Karine-Huang / T2I-CompBench

[Neurips 2023] T2I-CompBench: A Comprehensive Benchmark for Open-world Compositional Text-to-image Generation
https://arxiv.org/pdf/2307.06350.pdf
MIT License
189 stars 6 forks source link

Other potential detection models? #4

Open yinanyz opened 1 year ago

yinanyz commented 1 year ago

I'm curious about the choice of detection model (i.e. UniDet); how did you choose it and by chance, have you tried other detection models and compared with it? Thanks!

yinanyz commented 1 year ago

another question related to object detection - what if there're multiple objects detected in the image? e.g. "a horse to the right of a person", how do you handle the case where there're multiple horses in the image? as I saw that in the code you're doing obj1_pos = obj.index(obj1) # 物体1的位置 so I'm wondering what if there're multiple obj1 ?

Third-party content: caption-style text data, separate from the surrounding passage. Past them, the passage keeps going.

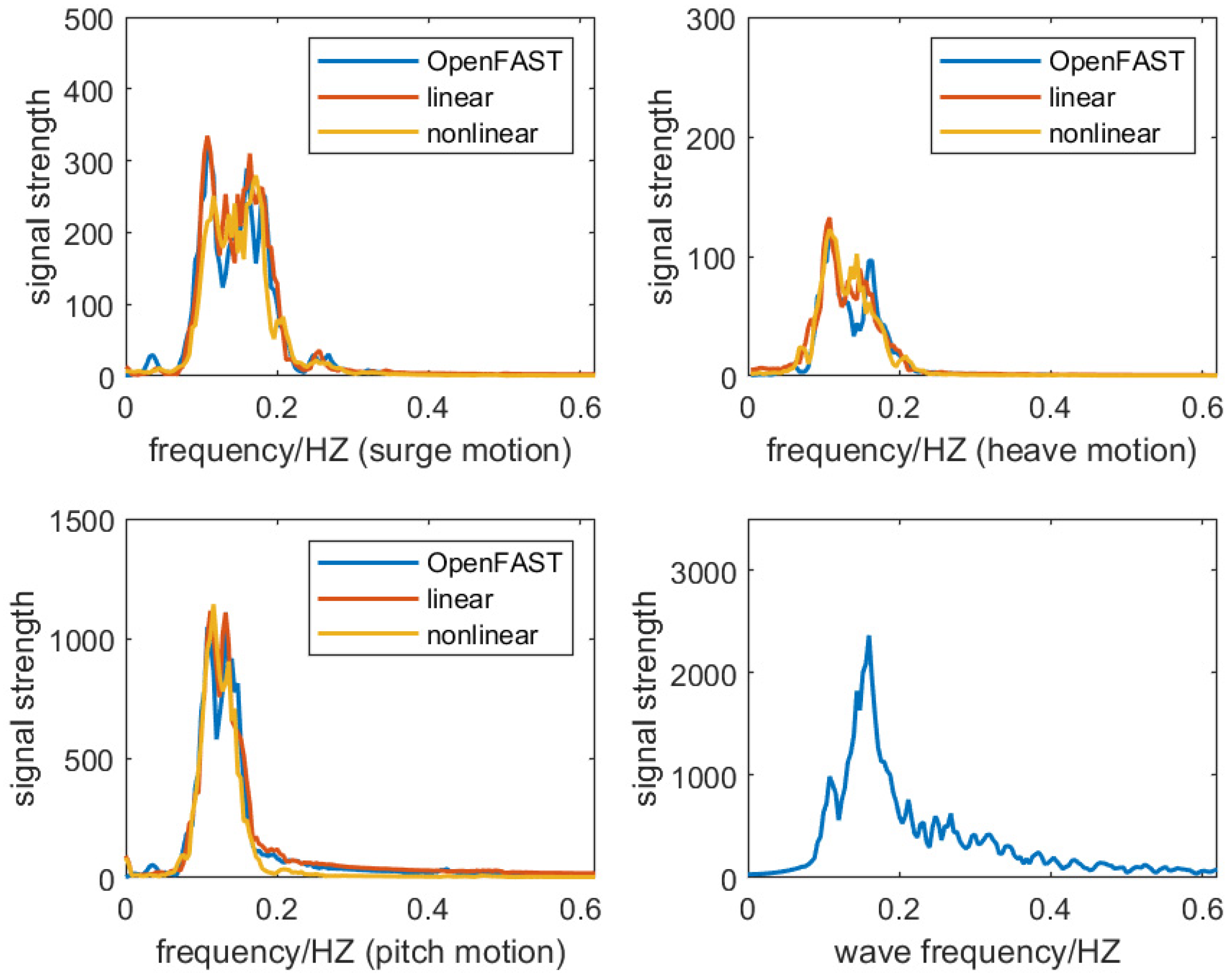 Jmse 13 00243 g007 Jmse 13 00243 g007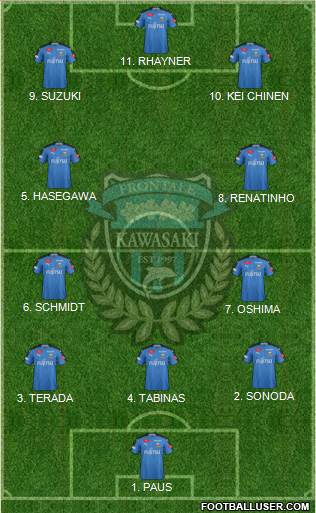 Kawasaki Frontale Formation 2023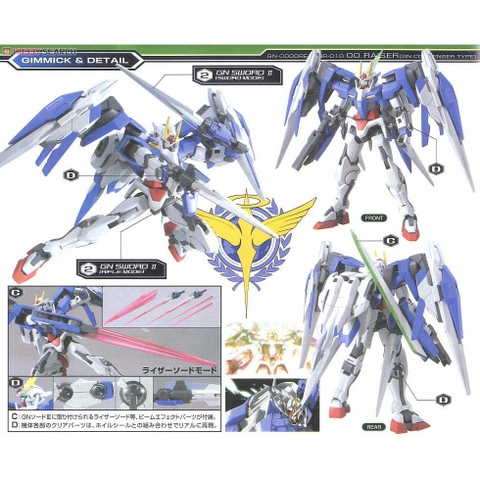 Mô hình lắp ráp HG 00 Raiser GN Condenser Type 070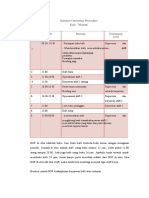 Sop Usaha Kafepdf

Karine-Huang commented 1 year ago

Thanks for the question! For Q1: We try multi-modal models, such as miniGPT4, mPlug-Owl, MultiModal-GPT, InternChat, BLIP, may not perform well in spatial understanding. Therefore, a more accurate and intuitive approach like object detection is selected. UniDet is suitable for the current task because of its strong performance on standard object detection benchmarks, like COCO, makes it a suitable choice for tasks that require accurately detecting a wide range of objects. Other object detection methods might also be able to accomplish this task. For Q2: If there are multiple objects detected in an image, we determine the main object and prioritize one object over others: first detect objects in the image, and then make probability ranking, select the object with the highest probability as the main object. For the main object we've chosen, compare its spatial position with other objects in the image.